Things I learned while watching ‘San Andreas’

I approach natural disaster movies like our government approaches real natural disasters; Ignore it for a long time and then come back to it much later. San Andreas was on HBO, and since I’m a big fan of Dwayne Johnson, I decided to give it a shot.  Here are my takeaways.

Rock beats scissors…and apparently Mother Nature

  • My guy can jump off planes, get hit by debris, punch people, and hold his breath underwater forever without getting a single scratch. Nothing the literal planet threw at him could stop him. And The Rock did all this while being the most charismatic action star in Hollywood.

Guys will do anything to get some

  • Ben, the British guy who Blake meets and talks to for all of 5 minutes, risks his life to save her.  More importantly, he risks his little brother’s life to rescue the attractive girl.  I’d like to believe in heroes and the goodness of people, but it seemed rather far-fetched given the situation and the presence of his very vulnerable brother.

If someone is dead, they don’t have to be as long as you keep doing CPR

  • There needs to be a consensus in films about how long you can perform CPR before the character can come back to life. Some movies, CPR is done to a victim for like seven seconds before they’re legally declared dead. In this movie, The Rock tries hard and fails to revive his drowned daughter, then retries three or four more times before it finally works in the end. Also, her poor sternum.

Step dads are evil

  • It wouldn’t be a disaster movie without a main character with an estranged wife; a wife who now has a new boyfriend/fiancé/husband who later turns out to be a total douche. This, of course, results in the film gods smiting the shit out of the step dad figure, so the protagonist can get back together with his wife, and the audience doesn’t have to feel guilty about it.
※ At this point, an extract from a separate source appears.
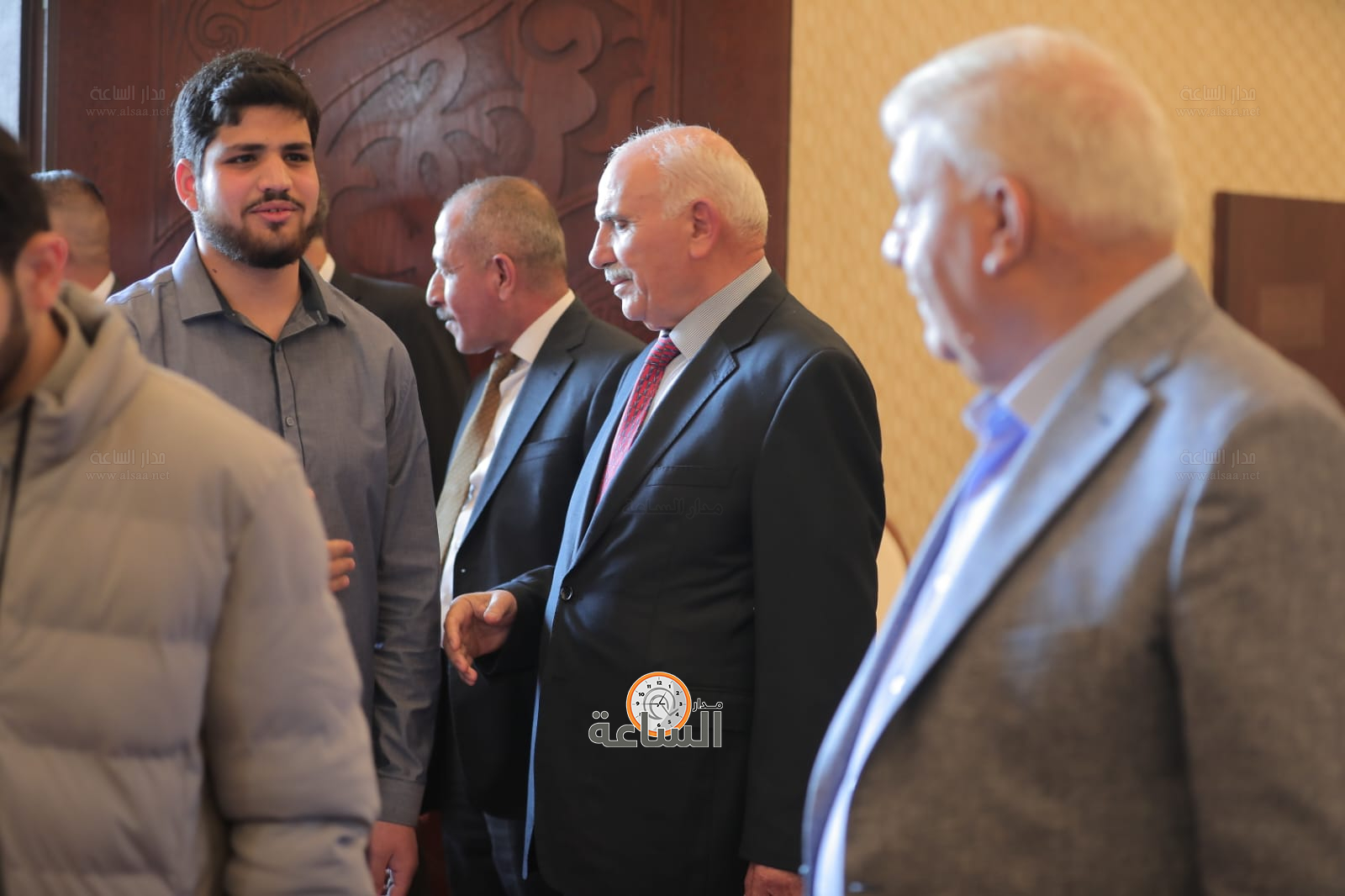 Madar Al-Saa Images 0.2916362941469939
Only Asian dude dies immediately

  • Every decade or so, Hollywood seems to rotate between which POC groups die first in a movie. Granted, the guy died a hero, but inclusion of Asians in Hollywood is still very limited, and…well, short lived.
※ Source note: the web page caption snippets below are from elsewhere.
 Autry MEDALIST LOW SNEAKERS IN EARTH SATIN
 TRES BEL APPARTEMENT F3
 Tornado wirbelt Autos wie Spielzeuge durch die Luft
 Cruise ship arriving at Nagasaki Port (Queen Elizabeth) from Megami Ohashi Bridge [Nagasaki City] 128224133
You can survive a car rolling down a rock cliff without a scratch as long as your sole purpose is to set up the heroic protagonist.

  • The opening sequence of the movie shows a young woman ripped straight out of a ‘Millennial for Dummies’ guide. She’s on her phone texting and partaking in other irresponsible shenanigans while driving, when she is caught in a landslide. Her car rolls twenty something times down what seemed like hundreds of feet of rock cliff, and she somehow survives this without showing visible damage, passing out, or instantly turning into avocado toast.
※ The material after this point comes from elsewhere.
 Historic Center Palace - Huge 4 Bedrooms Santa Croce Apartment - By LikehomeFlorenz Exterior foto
The Rock can get away with saying just about anything

  • In one scene, The Rock parachutes out of a plane with his soon-to-be ex wife and they land on a baseball stadium. As soon as they touch ground, The Rock says, “It’s been a long time since I got you to second base,” and somehow the woman didn’t immediately throw herself into the giant hole in the San Andreas Fault.

Apparently, you need giant muscles to fight Mother Nature

  • The Rock’s intensity and physique make him formidable in movies where he has to kill scores of faceless henchmen. But why were those muscles necessary for a movie about earthquakes and tsunamis? If anything, those seem like a burden. Yes, I know he can’t just shrink for this role, but it just seems so silly. He’s just a bigger target for falling debris, and just a heavier load for the helicopter during rescues. I.e. that first rescue scene, where rescue guy #1 screws up and needs backup. They pull out The Rock, who was the PILOT, and also the bulkiest dude, so he could go save the people stuck in the car.  The only time The Rock needed his muscles was when he tore that car door out with his bare hands and threw it away, which was definitely put into the script last minute so d bags like myself don’t ask why muscles were necessary in this movie.

Other thoughts…This movie was near identical to the 2009 South Korean movie, “Haeundae,” aka “Tidal Wave”

I’m not saying they’re the same movie, but they might as well be. Some of the similarities were just uncanny.

  • Both films have a geologist that no one listened to until it was too late.
  • The disaster is a series of earthquakes that lead to a mega tsunami.
  • In Haeundae, the main character is plagued by years of guilt after failing to save his love interest’s father from drowning. In San Andreas, The Rock feels responsible for failing to save his other daughter who also drowned.
  • Both have a main character who works with rescue.
  • Some visuals felt like frame by frame representations. For instance, that scene with the freighter coming out of nowhere, being carried in by the tidal wave and crashing down onto the bridge, and the container crashing down on a person right in front of camera.
  • The similarities end there though. The Korean version was plagued with trademark, unnecessary subplots and it was also way more depressing.